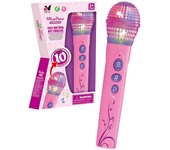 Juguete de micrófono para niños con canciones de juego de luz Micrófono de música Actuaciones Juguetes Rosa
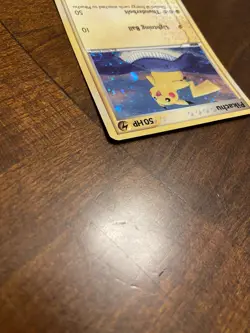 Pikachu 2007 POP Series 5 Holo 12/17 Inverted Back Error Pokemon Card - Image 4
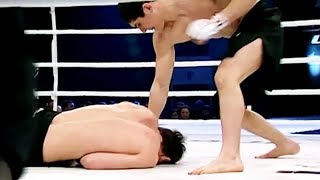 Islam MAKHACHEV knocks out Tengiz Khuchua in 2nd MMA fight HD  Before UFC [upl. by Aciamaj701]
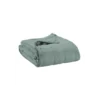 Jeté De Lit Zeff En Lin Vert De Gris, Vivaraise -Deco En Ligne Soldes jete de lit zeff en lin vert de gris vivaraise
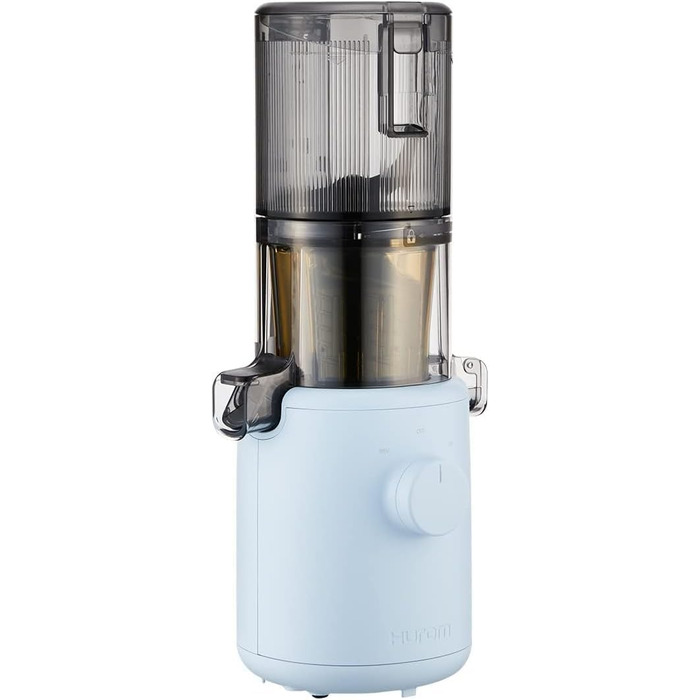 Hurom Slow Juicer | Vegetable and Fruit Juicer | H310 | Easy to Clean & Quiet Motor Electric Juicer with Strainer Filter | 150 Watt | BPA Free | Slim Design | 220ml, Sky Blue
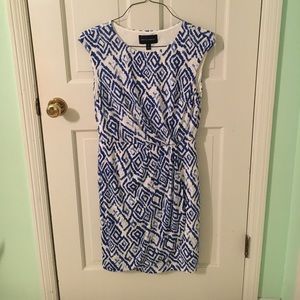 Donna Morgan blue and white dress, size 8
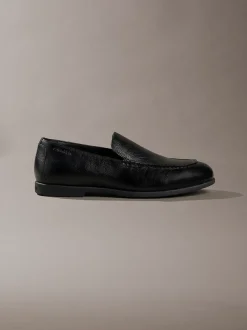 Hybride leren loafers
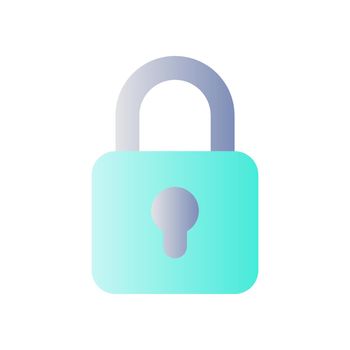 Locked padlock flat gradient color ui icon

### Work instructions
An exact copy of the lines above, from the first through the line that holds "Islam MAKHACHEV knocks", is what is needed; leave the pictures out.

### Result of this task
 Juguete de micrófono para niños con canciones de juego de luz Micrófono de música Actuaciones Juguetes Rosa
 Pikachu 2007 POP Series 5 Holo 12/17 Inverted Back Error Pokemon Card - Image 4
 Islam MAKHACHEV knocks out Tengiz Khuchua in 2nd MMA fight HD  Before UFC [upl. by Aciamaj701]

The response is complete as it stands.